The main file of the whole repository is train.py in the root folder. From here the training procedure can run, and this is also the primary point that will be used for debugging the code. In the tests folder the eventual tests for the code being written will be placed, the scripts folder contains the scripts that we will be using for the hyperparameter search, and the hyperparameter-searcher folder is where the source code for all our experiments resides.

In this template, the source code for the experiments is divided into Python modules, that can be thought of as building components used to run the entire thing. Besides the modules, there is a file called training_pipeline.py which is where the training is defined, and that will be the only entry point to use the various modules from. In this template, only this file is present, however, often we will want to perform some additional analysis to our models after training, say creating nice visualizations with samples if we have a generative model, or computing a downstream task using the representations obtained. When this is the case, we will just need to add a new file, e.g. called evaluation.py, that will benefit from the already-defined modules and be used to load the model and run the evaluation.

The modules. In the experiment source code we have several modules. We can think of them as independent (as much as reasonable) packages that are used to perform a specific and complex task that can be re-used more than once or that is completely logically separate from other modules. This modular approach that separates based on function and not based on experiment, forces us to think of code that can be used immediately by all experiments we will be running, and is easier to maintain in the future.

Next, we will be discussing the different components that we are using for config management, logging and hyperparameter tuning.


Hydra configurations are usually defined through .yaml files. However, we can also define them manually using Python. By using Python-based config files we have more freedom in the definition of the configurations and in the re-usability of the code. The trade-off is more complexity in the management of the code, as all the configuration needs to be defined manually.

Hydra interfaces with your scripts using a decorator to the main function. This defines where to get the configs from, and which primary config file should be used to parse the arguments. In the case of this repositoru, the configuration is done through Python, so we don’t need the config_path:

@hydra.main(config_path=None, config_name=os.environ["MAIN_CONFIG"])

The primary config file is the entry point for your configuration. Here, you define the command line parameters that you support and which default configurations are to be used. A default configuration, as the name suggests, is a file that contains some default arguments. In our case, these will be handy for defining default configurations of the various datasets and models that we support.
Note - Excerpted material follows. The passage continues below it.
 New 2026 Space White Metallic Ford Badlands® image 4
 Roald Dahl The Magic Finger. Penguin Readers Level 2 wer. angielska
From command line, all already-define parameters can be changed, as well as new ones added. By default, you need to explicitly ask for an argument to be added, if this is not already defined in the config.

Overall, using Hydra is a very straightforward way to neatly organize you configurations and get closer to reproducible results.

Some observations

Hydra is used to manage the configuration of your experiments. All command line arguments and their processing can be handled through it. The are several advantages over using the traditional argument parser from Python. The first one is that we can more easily store and restore argument configurations. Another is that target classes can be defined directly in the configuration. A target class can then be initialized with the arguments given in the configuration. Think of what would happen if you wanted to switch between using model_A and model_B which are defined with the class ModelA and ModelB. From the config, you would say model=model_A and then in the code you would need a long if statement chain to select which class to launch with the given configuration, which in this case would be ModelA. Then, there would be several default parameters for this class that we would want to use, but would be hidden in the code. Instead, with Hydra you can more simply define the target class directly in the config file, which will be automatically selected when model=model_A is called in the command line. This will come automatically with all the parameters defined explicitely in the config file.
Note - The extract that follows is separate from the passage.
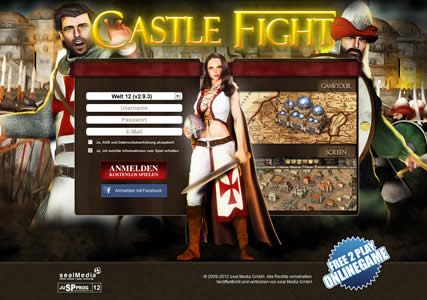 Castle Fight Screenshot 0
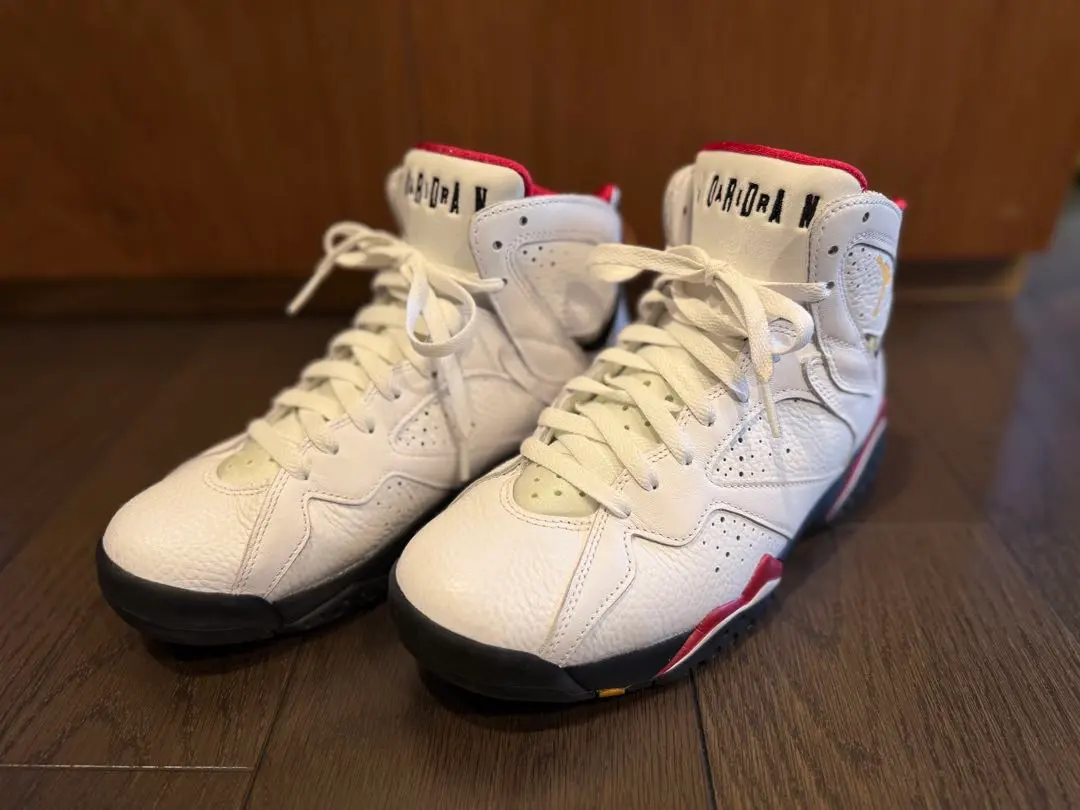 2026年最新】エアジョーダン7 cardinalの人気アイテム - メルカリ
This only makes sense because the modular approach to config management allows for simple parameter switching when testing different models, datasets or when running different experiments entirely. Having modular configuration management simplifies the entire file structure as well, removing the need for separating different experiments in different folders, which can quickly become difficult to maintain as time goes on. Instead, each part of your project can be seen as a different packages, one dedicated for data handling, one for model definition, one for the logging, another for visualization and maybe also one for all the metrics that you want to test your models with. Such modularity would be very difficult without also having modular configurations, which Hydra handles very easily.

One thing that is important to higlight is that Hydra is not some magical wand that we can use to solve all our problems. Instead, Hydra takes its root in the elegant configuration management that Omegaconf already provides. Hydra is a handy extension of Omegaconf, with some features tailored for machine learning. When more complicated things need to be done, do not hesitate to put your hands on what Hydra is doing and add your own code to make your workflow faster. Often, trying to work around the issue and use only the features available in the library slows you down more than you think.
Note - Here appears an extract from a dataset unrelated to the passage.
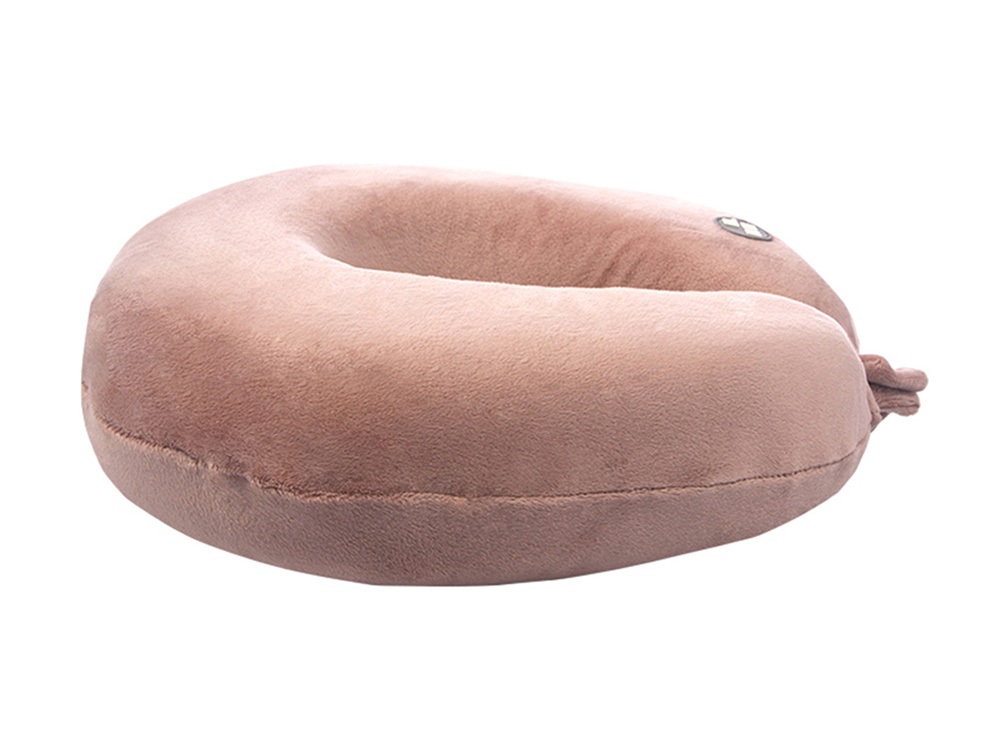 Подушка для путешествий с эффектом памяти Мемо Drowsy Dusty Rose-3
MLFlow is a logging library, which is characterized by centralization of the logging, as to ease the process when multiple nodes are being used. Additionally, it provides a simplified way to compare the parameters that have been changed between runs, to get a quick overview of which change has made the most decise impact in the performance of the model.

MLFlow interfaces with the code through PyTorch Lightning. When the Trainer is instantiated, among the loggers passed is MLFlow. In the code, this will seem a bit opaque, as the initialization of the loggers is done through Hydra’s instantiate (in file training_pipeline.py):

mlflow_logger = hydra.utils.instantiate(logger)

Another important aspect is the checkpoint, which allows to store useful information and the model’s weights through MLFlow as well. Using MLFlow in the checkpointing process is useful to centralize all the information (in file training_pipeline.py):

    hydra.utils.instantiate(callback, mlflow_logger=mlflow_logger)

Some observations

MLFlow is an excellent logging tool to keep track of your experiments. Where MLFlow shines is in its ability to quickly compare multiple runs of an hyperparameter search. Also, it centralizes everything, putting all of the things you need in a single location, which is extremely handy when running large scale experiments.

There are a few downsides to MLFlow, as it is not excellent with image logging and is overall lacking in the ability to compare different metrics and the qualitative performance of different models. When this is necessary for your models (which is the often the case for computer vision tasks) MLFlow needs to be supported by additional loggers, such as Tensorboard. This is easily done with Pythorch Lightning, just asking for multiple loggers in the Trainer.


We have seen how we have used a combination of Hydra, MLFlow, SubmitIt, and the Ax plugin in Hydra to perform bayesian or grid hyperparameter searches in a SLURM-based cluster. We have seen how it interfaces with a simple project and have observed some of the strength and pitfalls of the methods.

It is crucial to remember that this setup is meant as a guide, to introduce the useful tools that you may want to use and how they interface together. Ultimately, the best fit for any case will be determined by the specific circumstances that you are facing.